The finance ministry statement appears to say "they have more room to leverage the government balance sheet to help the corporate sector to deleverage," said Ding Shuang, head of greater China economic research at Standard Chartered Plc in Hong Kong. "On balance, it gives me the impression they are ready to run a more expansionary fiscal policy."
China’s leaders are seeking to add fiscal firepower to underpin a slowing economy and clear the path for structural reforms including cutting overcapacity in sectors like coal and steel. With the nation’s total debt already about two and a half times economic output, policy makers face a tricky balancing act: further leveraging risks undermining long-term stability, while a sharp credit contraction risks derailing growth and stability.
The current budget deficit target is 3 percent of gross domestic product this year. Ding estimates the actual level will be close to 4 percent, and could run even higher if needed. While debt concerns have shaken investor confidence, the ratio of government borrowings to GDP is low by global standards -- 39.4 percent, according to the finance ministry.
While overall debt is manageable, the ministry highlighted rising risks in regions, warning local governments’ ability to repay debt -- amounting to 89.2 percent of local GDP last year -- has weakened and urged them to control the size of their debt.

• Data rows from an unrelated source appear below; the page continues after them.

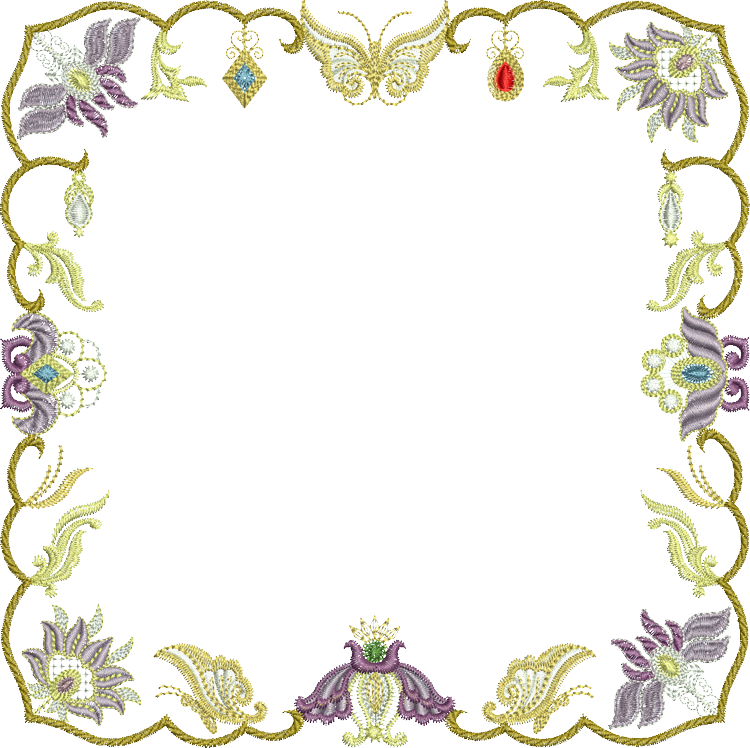 Sue box creations download. Jewel clipart border
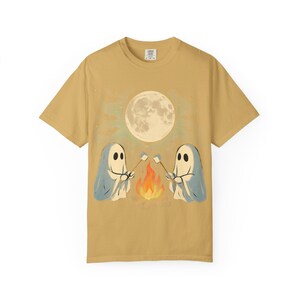 Cozy Campfire Ghosties- Comfrt Colors T-Shirt image 4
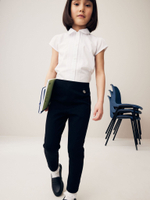 Брюки школьные без застежки для девочки Next Q90-020, Черный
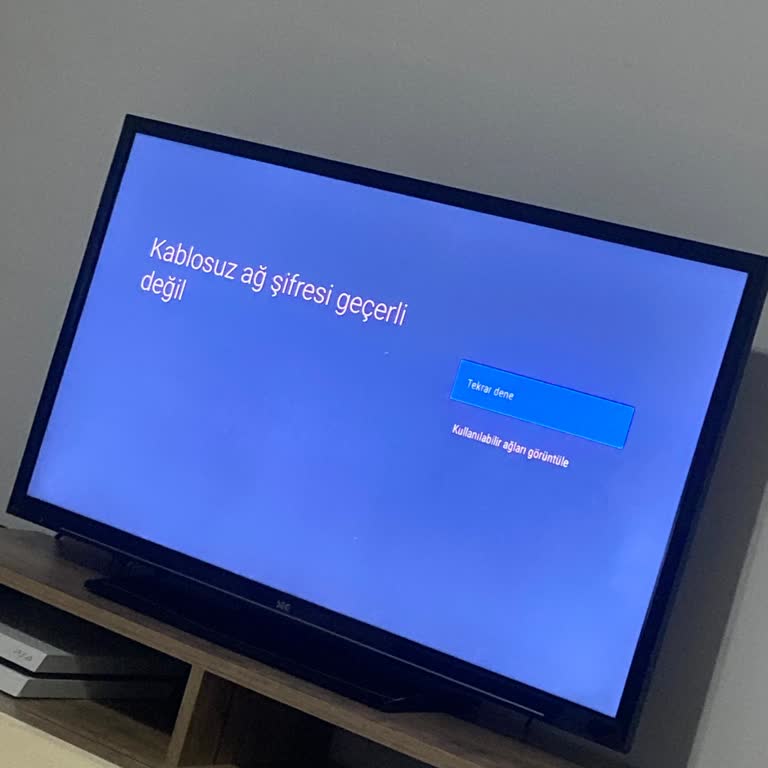 TV Ready Cihazı WiFi Şifresini Hatalı Algılıyor Ve Destek Yanıtı Almıyor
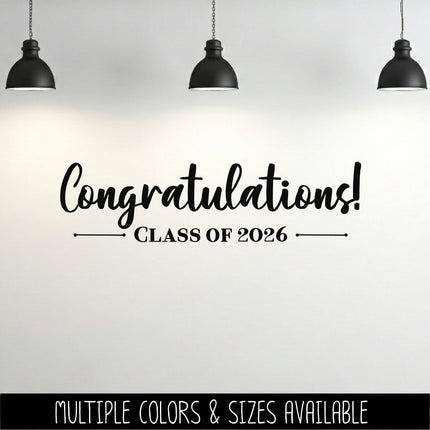 Congratulations Class of 2026 Decal/Sticker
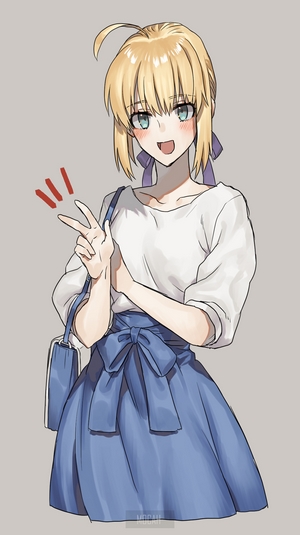 Arturia Pendragon from Fate/Stay Night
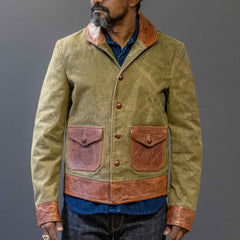 Thedi Leatherscanvas jacket with buffalo leatherjacketsBritish Parts Lucerne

The finance ministry said it will rigorously hold local government personnel to account in the case of any unlawful borrowing, guarantees or repayment of corporate debt by local governments. It’s seeking to close the back door of local government financing avenues as it opens the front door with more central government funding.
For a story on how local authorities are scrambling for ways to rebuild their fiscal firepower, click here.
China is accelerating debt-for-bond swaps for provincial administrations to ease their repayment burdens. The debt-swap mechanism allows local governments to convert debt to low-interest bonds with longer maturities. The ministry said 3.2 trillion yuan of loans were exchanged last year, and Finance Minister Lou Jiwei said in March that about 5 trillion yuan of such borrowings are maturing this year.
China deems it alarming when local government debt accounts for more than 100 percent of the local economy, according to a report published by the National People’s Congress last year. More than 100 cities and 400 counties across the country had seen their debt exceeding that line, the legislative body said.
For a look at provincial finances, click here.
"There has been increasing evidence in recent months of previous policy stimulus gaining traction on activity," Fitch Ratings analysts wrote in a report this week. "The extent of the government’s determination to defend growth targets has also become clearer."